Matinas Suzuki: Eduardo, nós estamos chegando ao final. Eu peço desculpas, perdi uma pergunta que era a seguinte: "O Brasil é um auto engano?
Eduardo Gianetti: Não, de jeito nenhum. Eu acho que o Brasil é um país que tem muito a oferecer ao resto do mundo, uma sabedoria enorme, mas que ao mesmo tempo é uma coisa que o Antônio Cícero, um filósofo carioca, diz e com qual eu concordo muito: nós não resolvemos questões muito elementares, muito básicas, da nossa convivência, como a precariedade da nossa vida coletiva no campo da educação, da saúde pública, e isso é realmente o que nos prejudica.
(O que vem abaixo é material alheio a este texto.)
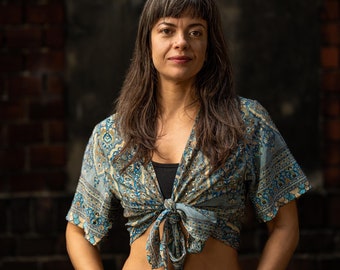 May include: A woman with long brown hair is wearing a blue and white patterned top with a knotted front. The top is tied at the waist, revealing her midriff. She is standing in front of a brick wall.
Eu acho que se o Brasil conseguir, o Brasil não precisa ser um Estados Unidos, não precisa buscar ser uma potência econômica e nem é isso o que nós desejamos. No momento em que conseguirmos resolver essas questões muito básicas da convivência, ligadas, fundamentalmente, eu diria, à educação e à saúde universal para a população, diminuirmos essa vergonha da pobreza em massa... Quer dizer, da pobreza em larga escala. Eu acho que nós teríamos um país invejável porque há em nós uma alegria, uma espontaneidade, uma generosidade das paixões, das entregas, que outras culturas, outras sociedades não têm, ou nunca tiveram, ou perderam, já não têm mais. Eu acho que a minha visão do que seria seria conquistar o mínimo de civilização sem perder, ao mesmo tempo, isso que temos de muito bom, que é a capacidade da entrega, a capacidade da fantasia, capacidade de buscar o prazer de maneira vigorosa. O brasileiro é fantástico nessa busca. Acho que poucos povos no mundo têm uma intensidade tão grande na busca do prazer, da satisfação, da alegria, não é? Combinar essas duas coisas, não é fácil, nenhuma sociedade, aparentemente, conseguiu de fato juntar esses dois elementos, que é uma convivência civilizada, ao mesmo tempo preservando alguma coisa que é de um passado provavelmente pré-civilizado que é um espírito animal, uma alegria, uma generosidade, uma espontaneidade, uma fé espontânea no viver.
Matinas Suzuki: Eduardo, muito obrigado pela sua presença aqui no Roda Viva esta noite. Muito obrigado aos nossos entrevistadores que colaboraram com o programa, muito obrigado pela sua atenção, pela sua participação, lembrando que o Roda Viva volta na próxima segunda-feira, às 10h30 da noite. Até lá, uma boa semana e uma boa noite para todos.